Earlier this year, the NASSF – the non-profit group run by OC Air Show promoter Bryan Lilley – had arranged to host two replica vessels from the golden age of sail in the resort this summer, following the successful visit of one ship last year.

That vessel, known as El Galeon Andalucia, is still slated to be in Ocean City from August 1 through September 1. But the Nao Victoria, a more accurate replica of an even older vessel, will be returning to Europe for repairs after experiencing mechanical issues during appearances in Florida earlier this year.

Furthermore, even if the Nao Victoria was seaworthy, Ocean City may still have had trouble hosting it due to water depth issues in the channel running under the Route 50 Bridge, which serves as a passage for the large vessels to berth on the bayside walk between Second and Fourth Streets on Chicago Avenue.

“There is still some dredging that would have to be done,” said Frank Miller, Special Events Director for the town. “We had the Army Corps of Engineers contractors in here, but they had a very short window of opportunity to fit it in. You can see the difference, though, where they were able to dredge.”
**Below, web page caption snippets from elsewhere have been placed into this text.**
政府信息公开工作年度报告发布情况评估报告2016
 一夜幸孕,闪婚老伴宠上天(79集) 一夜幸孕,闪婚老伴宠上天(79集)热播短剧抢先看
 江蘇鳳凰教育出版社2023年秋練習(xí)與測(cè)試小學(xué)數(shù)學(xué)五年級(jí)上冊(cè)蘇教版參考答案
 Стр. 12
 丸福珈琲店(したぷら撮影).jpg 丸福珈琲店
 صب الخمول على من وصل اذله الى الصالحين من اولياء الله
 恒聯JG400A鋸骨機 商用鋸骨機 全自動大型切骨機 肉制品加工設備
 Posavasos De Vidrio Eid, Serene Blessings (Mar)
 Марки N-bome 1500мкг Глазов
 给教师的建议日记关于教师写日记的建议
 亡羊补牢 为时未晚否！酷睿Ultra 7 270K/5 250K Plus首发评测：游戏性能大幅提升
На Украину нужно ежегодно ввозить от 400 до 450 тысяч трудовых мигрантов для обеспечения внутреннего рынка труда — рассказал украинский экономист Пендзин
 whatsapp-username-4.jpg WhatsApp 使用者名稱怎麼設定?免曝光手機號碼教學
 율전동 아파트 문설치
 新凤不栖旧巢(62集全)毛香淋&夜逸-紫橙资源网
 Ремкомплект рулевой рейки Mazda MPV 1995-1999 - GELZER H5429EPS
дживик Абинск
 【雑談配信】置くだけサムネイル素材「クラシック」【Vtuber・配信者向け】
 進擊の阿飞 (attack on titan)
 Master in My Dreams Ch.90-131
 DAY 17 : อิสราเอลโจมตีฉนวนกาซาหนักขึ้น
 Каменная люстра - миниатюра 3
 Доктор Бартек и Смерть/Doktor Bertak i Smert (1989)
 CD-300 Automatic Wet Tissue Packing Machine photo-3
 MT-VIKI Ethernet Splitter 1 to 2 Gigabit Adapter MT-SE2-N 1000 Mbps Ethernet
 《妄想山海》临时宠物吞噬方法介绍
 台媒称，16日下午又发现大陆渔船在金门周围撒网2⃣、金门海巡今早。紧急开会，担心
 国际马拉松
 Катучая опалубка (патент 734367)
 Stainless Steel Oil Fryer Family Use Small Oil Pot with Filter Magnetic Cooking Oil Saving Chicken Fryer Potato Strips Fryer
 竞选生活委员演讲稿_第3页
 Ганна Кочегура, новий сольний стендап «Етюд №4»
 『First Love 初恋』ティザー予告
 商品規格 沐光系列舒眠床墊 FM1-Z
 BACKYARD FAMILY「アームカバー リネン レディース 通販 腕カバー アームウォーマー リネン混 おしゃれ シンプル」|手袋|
The city was able to have federal contractors, brought in by the Army Corps for beach replenishment earlier in the year, perform limited dredging in the bay. The amount left for the city to do next year, Miller said, is very minimal.

“There’s not much left, but even if you have one spot that could be a hang-up, it creates a risk,” he said.

Although the Andalucia was successfully able to navigate the drawbridge channel last year, the massive vessel actually sits higher in the water than some of its smaller counterparts. This is because the Andalucia is part fiberglass, unlike the Nao Victoria and other more accurate replicas which feature all-wood construction.

Miller noted that the city fielded some interest from the Pride of Baltimore in coming to the resort this year. But, like the Nao Victoria, the Pride is all-wood and has a draft of over 12 feet in depth.

“There was a definitely a threshold there that they could consider trying to bring her in, but it would’ve had to have been optimal conditions,” Miller said. “There’s no need to take that risk right now. We have plenty of years to work on expanding the ‘tall ship’ attractions in Ocean City.”

Both the Andalucia and the Nao Victoria are owned by the Nao Victoria Foundation, a Spanish nonprofit group that promotes historical events relating to the 16th- through 18th-century glory days of sail, often know as the age of “tall ships.” The foundation’s namesake vessel is a perfect replica of original Victoria, the ship used by Ferdinand Magellan’s expedition to circumnavigate the globe in 1521.

But even just the Andalucia, the resort will be able to take advantage of an interesting tie-in. The vessel was used in shooting the NBC series Crossbones, which premiered May 30 and start John Malkovich as a fictionalized version of the infamous pirate Edward Teach, commonly known as Blackbeard.

“The final couple episodes of the season will be airing while the ship is in Ocean City,” Bassett said. “We’re planning a couple fun things to go along with that.”